▶ WHAT IS EXPECTED
The stretch wanted below opens at the line containing "ql|@jbPNbLip[Tej@TQ°" and closes at the line containing "Barhocker Henchy Kunstleder – Ansicht 7". Please return it exactly, with no other lines.

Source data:
________________________________________

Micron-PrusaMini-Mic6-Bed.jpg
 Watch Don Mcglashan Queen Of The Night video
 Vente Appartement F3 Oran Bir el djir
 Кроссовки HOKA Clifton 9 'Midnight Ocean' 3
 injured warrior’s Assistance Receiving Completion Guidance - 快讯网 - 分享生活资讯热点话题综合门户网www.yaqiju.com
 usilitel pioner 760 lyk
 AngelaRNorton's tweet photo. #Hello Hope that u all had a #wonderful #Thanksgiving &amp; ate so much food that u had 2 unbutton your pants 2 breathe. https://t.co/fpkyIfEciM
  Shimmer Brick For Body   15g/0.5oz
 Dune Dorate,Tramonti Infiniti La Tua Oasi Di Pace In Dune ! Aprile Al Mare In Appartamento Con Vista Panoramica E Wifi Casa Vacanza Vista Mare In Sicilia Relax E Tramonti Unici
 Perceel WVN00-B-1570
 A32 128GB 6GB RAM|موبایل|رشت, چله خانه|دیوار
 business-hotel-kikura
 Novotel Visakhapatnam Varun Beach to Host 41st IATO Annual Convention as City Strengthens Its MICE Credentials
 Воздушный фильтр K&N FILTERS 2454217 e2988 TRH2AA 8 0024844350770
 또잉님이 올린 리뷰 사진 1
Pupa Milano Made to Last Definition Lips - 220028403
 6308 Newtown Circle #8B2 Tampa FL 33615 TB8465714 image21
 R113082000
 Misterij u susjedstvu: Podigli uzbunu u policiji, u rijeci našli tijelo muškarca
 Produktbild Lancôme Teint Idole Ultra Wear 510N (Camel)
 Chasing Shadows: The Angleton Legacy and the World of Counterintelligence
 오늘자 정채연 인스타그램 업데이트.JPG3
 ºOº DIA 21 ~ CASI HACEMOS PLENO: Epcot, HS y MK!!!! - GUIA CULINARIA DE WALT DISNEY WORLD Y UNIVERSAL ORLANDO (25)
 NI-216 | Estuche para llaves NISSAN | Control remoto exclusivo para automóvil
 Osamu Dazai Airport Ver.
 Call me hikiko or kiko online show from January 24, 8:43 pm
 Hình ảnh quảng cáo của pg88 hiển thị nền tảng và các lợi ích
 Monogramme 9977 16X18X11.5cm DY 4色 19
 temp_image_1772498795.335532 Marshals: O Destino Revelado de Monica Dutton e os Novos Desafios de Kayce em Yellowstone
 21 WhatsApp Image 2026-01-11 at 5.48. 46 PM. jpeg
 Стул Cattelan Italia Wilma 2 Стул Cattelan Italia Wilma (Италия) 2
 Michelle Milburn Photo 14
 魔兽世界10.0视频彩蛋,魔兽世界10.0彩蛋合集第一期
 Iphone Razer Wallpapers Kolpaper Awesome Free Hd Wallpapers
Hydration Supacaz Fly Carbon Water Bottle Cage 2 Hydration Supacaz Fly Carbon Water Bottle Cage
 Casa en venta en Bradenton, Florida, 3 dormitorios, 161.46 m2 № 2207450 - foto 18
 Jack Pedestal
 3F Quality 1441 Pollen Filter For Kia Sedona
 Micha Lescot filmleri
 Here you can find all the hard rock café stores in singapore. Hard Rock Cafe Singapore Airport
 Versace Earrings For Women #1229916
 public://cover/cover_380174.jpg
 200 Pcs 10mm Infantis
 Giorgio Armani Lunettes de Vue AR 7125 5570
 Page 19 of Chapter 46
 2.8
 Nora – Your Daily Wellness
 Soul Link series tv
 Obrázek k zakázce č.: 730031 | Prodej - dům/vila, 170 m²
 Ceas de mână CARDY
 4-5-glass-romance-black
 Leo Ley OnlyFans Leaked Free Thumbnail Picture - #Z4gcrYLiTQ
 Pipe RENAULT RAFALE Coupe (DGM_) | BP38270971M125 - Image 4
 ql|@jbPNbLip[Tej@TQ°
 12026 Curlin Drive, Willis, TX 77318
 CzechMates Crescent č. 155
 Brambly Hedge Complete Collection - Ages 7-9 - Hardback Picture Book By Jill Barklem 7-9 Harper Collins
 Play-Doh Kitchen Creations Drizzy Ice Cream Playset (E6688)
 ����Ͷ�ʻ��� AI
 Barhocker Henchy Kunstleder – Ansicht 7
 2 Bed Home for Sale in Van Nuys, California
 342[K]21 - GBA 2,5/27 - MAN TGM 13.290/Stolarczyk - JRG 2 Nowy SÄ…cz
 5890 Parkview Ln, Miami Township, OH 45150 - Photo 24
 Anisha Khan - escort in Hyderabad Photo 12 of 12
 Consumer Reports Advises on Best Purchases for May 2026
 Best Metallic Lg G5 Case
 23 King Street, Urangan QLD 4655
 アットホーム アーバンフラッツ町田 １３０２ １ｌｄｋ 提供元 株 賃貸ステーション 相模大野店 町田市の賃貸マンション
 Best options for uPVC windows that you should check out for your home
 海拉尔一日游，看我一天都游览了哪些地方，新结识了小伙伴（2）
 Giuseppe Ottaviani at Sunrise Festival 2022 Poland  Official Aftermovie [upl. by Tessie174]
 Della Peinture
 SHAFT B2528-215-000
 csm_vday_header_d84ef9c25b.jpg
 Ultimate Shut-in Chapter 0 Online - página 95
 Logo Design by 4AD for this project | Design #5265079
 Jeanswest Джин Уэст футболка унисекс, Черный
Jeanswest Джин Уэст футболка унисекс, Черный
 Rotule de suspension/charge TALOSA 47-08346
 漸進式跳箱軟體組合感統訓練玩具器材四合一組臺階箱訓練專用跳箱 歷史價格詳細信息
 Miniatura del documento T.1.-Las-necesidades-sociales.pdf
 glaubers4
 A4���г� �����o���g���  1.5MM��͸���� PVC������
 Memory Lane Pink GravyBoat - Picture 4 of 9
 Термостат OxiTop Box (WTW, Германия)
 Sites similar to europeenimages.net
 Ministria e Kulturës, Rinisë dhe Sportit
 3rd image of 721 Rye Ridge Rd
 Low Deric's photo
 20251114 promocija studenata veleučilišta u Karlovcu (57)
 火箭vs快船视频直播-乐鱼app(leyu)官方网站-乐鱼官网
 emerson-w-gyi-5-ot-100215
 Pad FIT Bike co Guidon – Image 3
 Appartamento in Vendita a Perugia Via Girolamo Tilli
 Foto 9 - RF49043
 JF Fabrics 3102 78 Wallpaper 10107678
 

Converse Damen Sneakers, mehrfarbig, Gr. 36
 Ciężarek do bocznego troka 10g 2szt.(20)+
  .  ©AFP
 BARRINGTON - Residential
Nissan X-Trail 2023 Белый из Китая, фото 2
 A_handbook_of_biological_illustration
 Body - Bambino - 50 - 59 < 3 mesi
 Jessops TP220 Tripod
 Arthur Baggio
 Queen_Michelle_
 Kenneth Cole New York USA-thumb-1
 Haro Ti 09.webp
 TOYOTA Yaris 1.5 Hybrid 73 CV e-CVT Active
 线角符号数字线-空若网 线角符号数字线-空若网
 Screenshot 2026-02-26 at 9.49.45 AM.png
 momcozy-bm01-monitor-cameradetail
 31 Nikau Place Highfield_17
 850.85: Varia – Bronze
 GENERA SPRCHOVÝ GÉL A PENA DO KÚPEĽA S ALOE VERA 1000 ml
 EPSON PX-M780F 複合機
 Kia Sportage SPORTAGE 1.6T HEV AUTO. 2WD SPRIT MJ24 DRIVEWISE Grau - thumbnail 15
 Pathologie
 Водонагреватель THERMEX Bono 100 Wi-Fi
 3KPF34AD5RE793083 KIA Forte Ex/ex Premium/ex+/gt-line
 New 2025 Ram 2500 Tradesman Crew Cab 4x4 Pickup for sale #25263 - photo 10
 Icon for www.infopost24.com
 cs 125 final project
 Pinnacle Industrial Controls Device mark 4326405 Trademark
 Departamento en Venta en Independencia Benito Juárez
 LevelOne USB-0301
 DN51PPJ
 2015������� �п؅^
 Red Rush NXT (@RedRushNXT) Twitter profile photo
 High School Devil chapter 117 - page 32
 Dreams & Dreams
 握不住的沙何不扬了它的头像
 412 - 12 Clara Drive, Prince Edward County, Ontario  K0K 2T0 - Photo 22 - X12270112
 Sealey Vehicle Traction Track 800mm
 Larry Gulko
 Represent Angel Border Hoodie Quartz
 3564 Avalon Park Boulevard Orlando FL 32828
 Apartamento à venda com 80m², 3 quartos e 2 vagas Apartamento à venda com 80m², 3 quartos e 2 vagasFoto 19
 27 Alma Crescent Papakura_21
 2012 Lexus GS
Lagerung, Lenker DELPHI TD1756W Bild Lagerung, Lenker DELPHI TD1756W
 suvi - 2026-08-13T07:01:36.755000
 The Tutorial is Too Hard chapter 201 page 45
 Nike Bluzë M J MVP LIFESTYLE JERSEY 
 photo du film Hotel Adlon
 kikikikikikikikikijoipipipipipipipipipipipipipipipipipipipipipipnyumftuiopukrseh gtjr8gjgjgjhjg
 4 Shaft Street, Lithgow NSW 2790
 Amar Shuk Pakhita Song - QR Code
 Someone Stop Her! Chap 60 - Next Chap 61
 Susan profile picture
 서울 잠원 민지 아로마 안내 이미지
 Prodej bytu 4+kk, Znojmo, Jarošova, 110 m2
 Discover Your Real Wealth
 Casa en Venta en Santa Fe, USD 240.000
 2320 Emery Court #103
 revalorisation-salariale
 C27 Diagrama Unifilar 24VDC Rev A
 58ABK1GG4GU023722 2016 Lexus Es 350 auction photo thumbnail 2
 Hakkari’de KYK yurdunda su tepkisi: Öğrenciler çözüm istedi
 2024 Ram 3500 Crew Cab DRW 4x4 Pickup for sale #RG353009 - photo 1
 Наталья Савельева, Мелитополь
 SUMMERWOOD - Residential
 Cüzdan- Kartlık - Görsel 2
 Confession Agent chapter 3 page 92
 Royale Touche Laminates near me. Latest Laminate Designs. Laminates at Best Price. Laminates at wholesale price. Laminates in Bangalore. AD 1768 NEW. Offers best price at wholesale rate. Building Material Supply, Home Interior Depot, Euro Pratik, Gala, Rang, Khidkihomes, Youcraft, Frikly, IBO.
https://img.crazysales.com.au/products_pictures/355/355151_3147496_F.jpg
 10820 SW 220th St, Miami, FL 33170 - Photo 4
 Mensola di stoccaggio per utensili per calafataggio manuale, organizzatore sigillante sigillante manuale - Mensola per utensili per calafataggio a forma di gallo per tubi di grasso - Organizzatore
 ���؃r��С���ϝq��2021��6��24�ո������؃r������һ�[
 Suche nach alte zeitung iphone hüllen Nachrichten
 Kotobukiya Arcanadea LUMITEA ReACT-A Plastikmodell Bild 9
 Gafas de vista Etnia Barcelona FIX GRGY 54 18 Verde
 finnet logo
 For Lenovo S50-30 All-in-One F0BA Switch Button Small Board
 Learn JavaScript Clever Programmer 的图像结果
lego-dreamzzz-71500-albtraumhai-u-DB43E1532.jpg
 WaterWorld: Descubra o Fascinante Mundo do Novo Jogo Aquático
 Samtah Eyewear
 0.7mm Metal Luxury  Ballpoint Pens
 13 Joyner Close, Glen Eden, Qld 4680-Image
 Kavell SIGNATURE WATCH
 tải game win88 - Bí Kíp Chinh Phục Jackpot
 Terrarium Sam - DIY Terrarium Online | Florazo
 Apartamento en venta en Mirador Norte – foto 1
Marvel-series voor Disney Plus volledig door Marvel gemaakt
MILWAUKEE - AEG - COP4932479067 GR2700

________________________________________

▶ YOUR SOLUTION
 ql|@jbPNbLip[Tej@TQ°
 12026 Curlin Drive, Willis, TX 77318
 CzechMates Crescent č. 155
 Brambly Hedge Complete Collection - Ages 7-9 - Hardback Picture Book By Jill Barklem 7-9 Harper Collins
 Play-Doh Kitchen Creations Drizzy Ice Cream Playset (E6688)
 ����Ͷ�ʻ��� AI
 Barhocker Henchy Kunstleder – Ansicht 7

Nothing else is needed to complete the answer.